◆ THE TASK ◆
Among the entries below, retype exactly the lines starting with the one with "دبي تطلق برنامج" and going on through the one with "2020-2023 Ford Explorer", but not the pictures.

◆ SOURCE DATA ◆
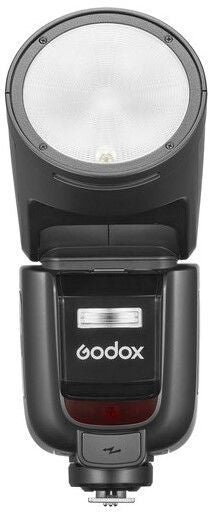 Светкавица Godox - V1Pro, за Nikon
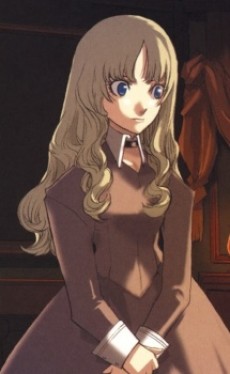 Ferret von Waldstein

--

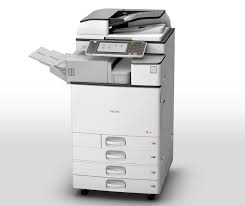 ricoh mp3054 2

* * *

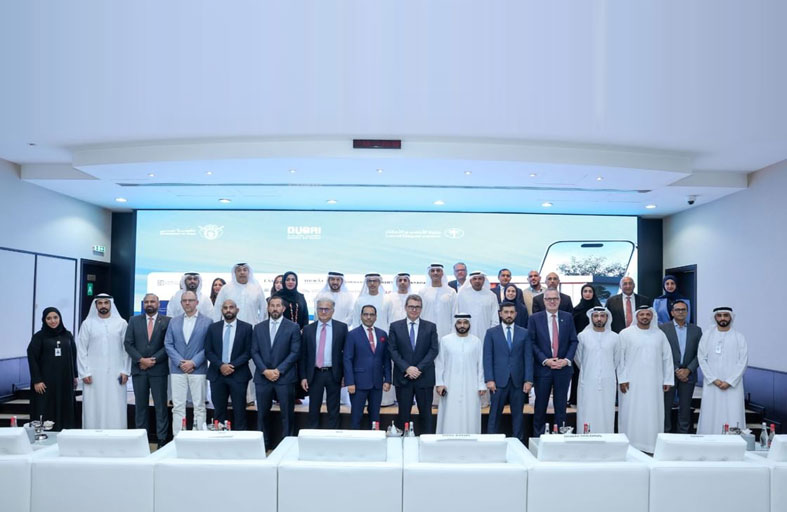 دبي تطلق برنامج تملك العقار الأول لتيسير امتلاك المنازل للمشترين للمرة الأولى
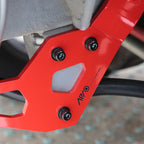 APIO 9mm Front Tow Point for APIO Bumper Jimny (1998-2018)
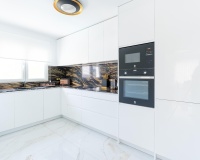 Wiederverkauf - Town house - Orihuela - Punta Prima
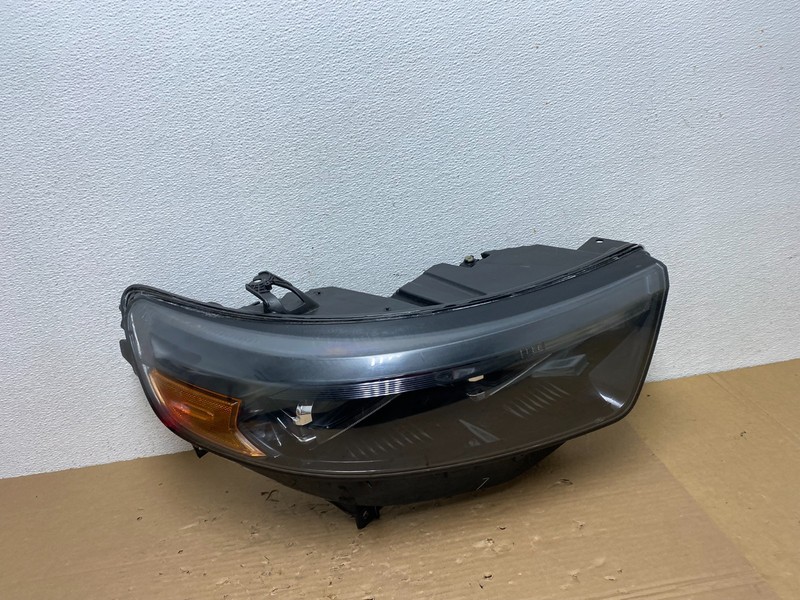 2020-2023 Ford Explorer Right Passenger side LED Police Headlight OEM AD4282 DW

◆ SOLVED EXERCISE ◆
 دبي تطلق برنامج تملك العقار الأول لتيسير امتلاك المنازل للمشترين للمرة الأولى
 APIO 9mm Front Tow Point for APIO Bumper Jimny (1998-2018)
 Wiederverkauf - Town house - Orihuela - Punta Prima
 2020-2023 Ford Explorer Right Passenger side LED Police Headlight OEM AD4282 DW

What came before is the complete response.